Henry David Thoreau builds a dory, reflects on boat design, waits for the rain to stop, and goes for a paddle

From A Week on the Concord and Merrimack Rivers
“Art is all of a ship but the wood…”
By Henry David Thoreau

edited by Brian Anderson

Thoreau is one of the people responsible for instilling in us the idea that one ought to be able to find, without going too far, a place with clean water, a couple of trees, a bird or a deer to watch, and maybe even a fish or two to catch. So I guess it is no surprise that he understood the appeal of building and messing about in boats, and expressed it so beautifully.

AT LENGTH, on Saturday, the last day of August, 1839, we two, brothers, and natives of Concord, weighed anchor in this river port; for Concord, too, lies under the sun, a port of entry and departure for the bodies as well as the souls of men; one shore at least exempted from all duties but such as an honest man will gladly discharge.
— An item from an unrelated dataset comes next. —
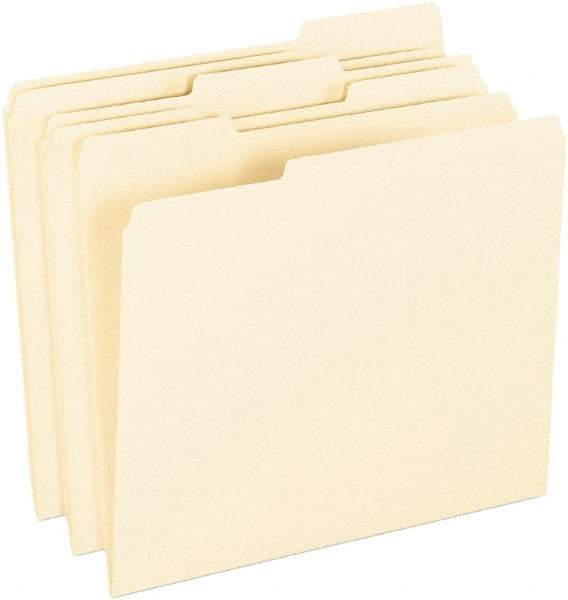 Pendaflex - 8-1/2 x 11", Letter Size, Manila, File Folders with Top Tab - 11 Point Stock, 1/3 Tab Cut Location - Makers Industrial Supply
A warm drizzling rain had obscured the morning, and threatened to delay our voyage, but at length the leaves and grass were dried, and it came out a mild afternoon, as serene and fresh as if Nature were maturing some greater scheme of her own.

After this long dripping and oozing from every pore,she began to respire again more healthily than ever. So with a vigorous shove we launched our boat from the bank, while the flags and bulrushes courtesied (sic) a God-speed, and dropped silently down the stream.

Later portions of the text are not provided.